RECORDS FOR THIS EXERCISE |
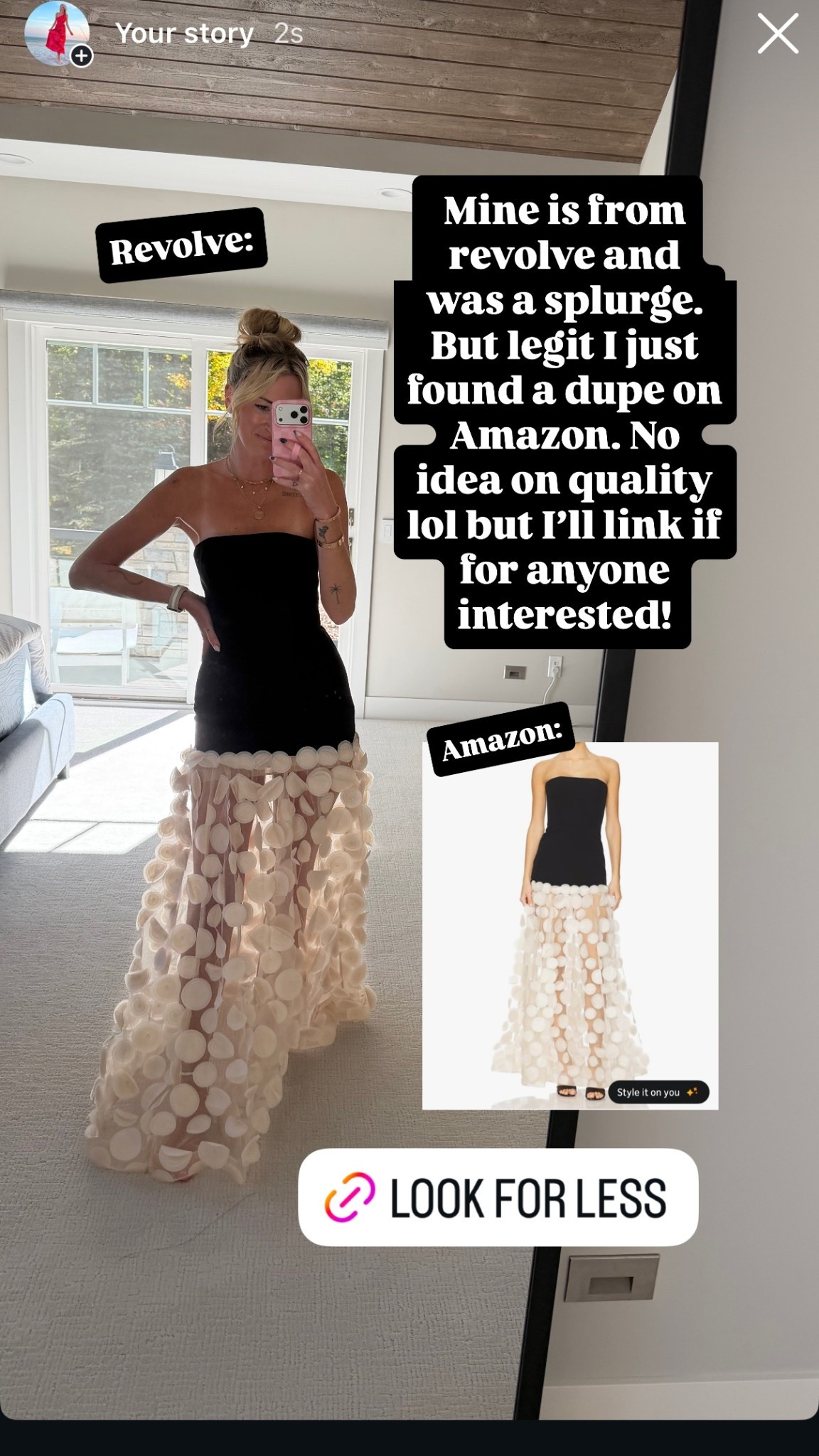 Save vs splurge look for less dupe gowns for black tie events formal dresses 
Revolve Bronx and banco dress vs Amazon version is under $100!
--
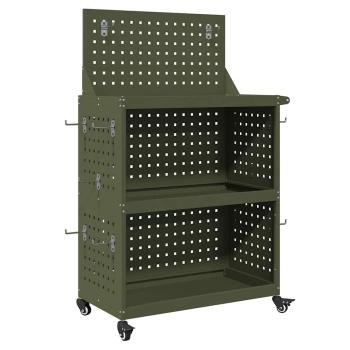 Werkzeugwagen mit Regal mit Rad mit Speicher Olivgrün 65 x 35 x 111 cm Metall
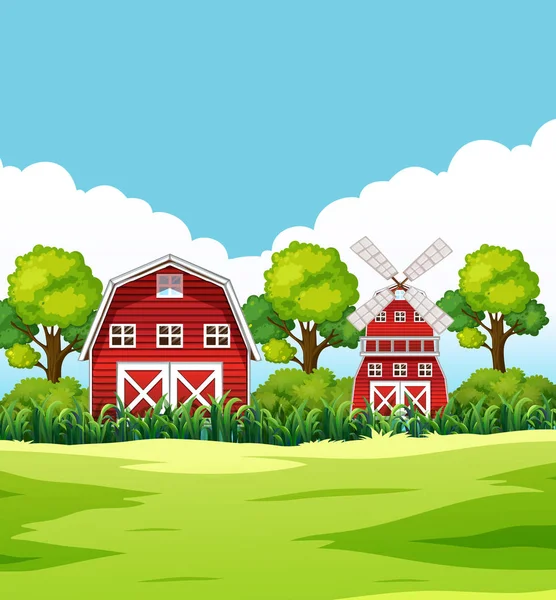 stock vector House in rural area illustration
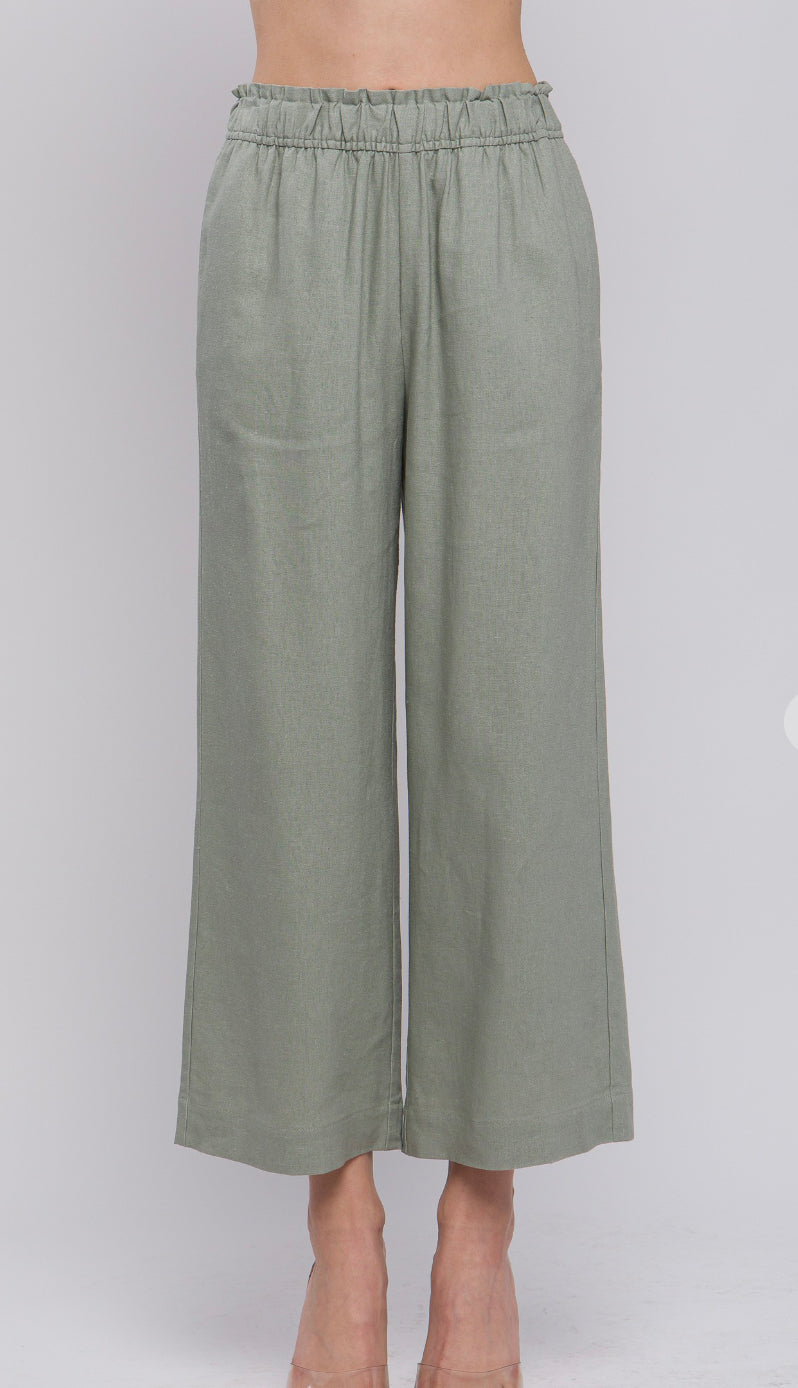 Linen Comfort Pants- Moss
* * *
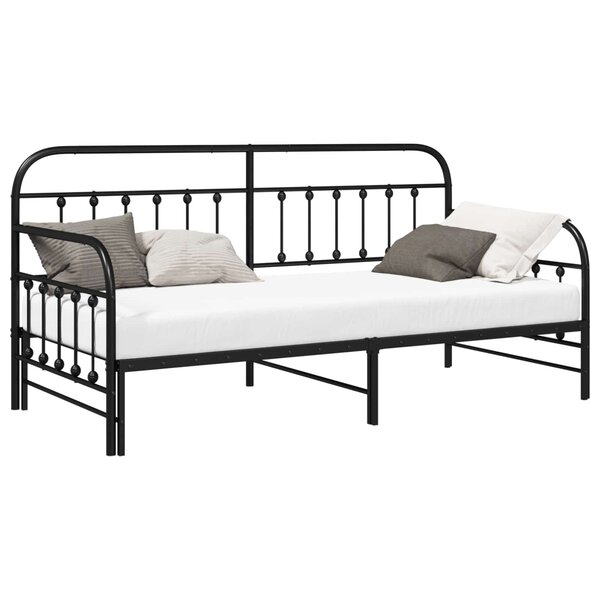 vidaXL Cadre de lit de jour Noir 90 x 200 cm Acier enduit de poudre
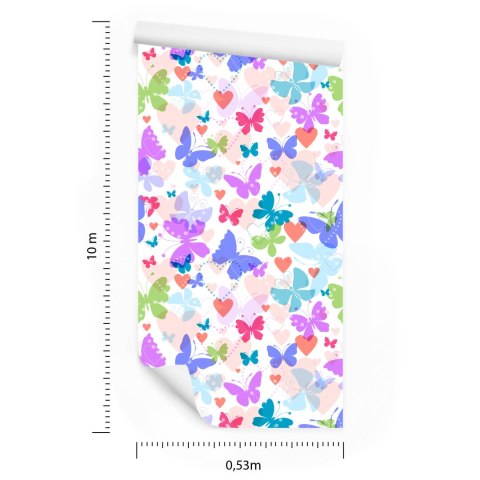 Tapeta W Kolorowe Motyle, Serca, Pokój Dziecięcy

TASK DESCRIPTION |
With the pictures omitted, restate word for word the lines above from the line that has "Save vs splurge" up to and including the line that has "Revolve Bronx and", and no other lines.

SOLUTION FOR THIS TASK |
 Save vs splurge look for less dupe gowns for black tie events formal dresses 
Revolve Bronx and banco dress vs Amazon version is under $100!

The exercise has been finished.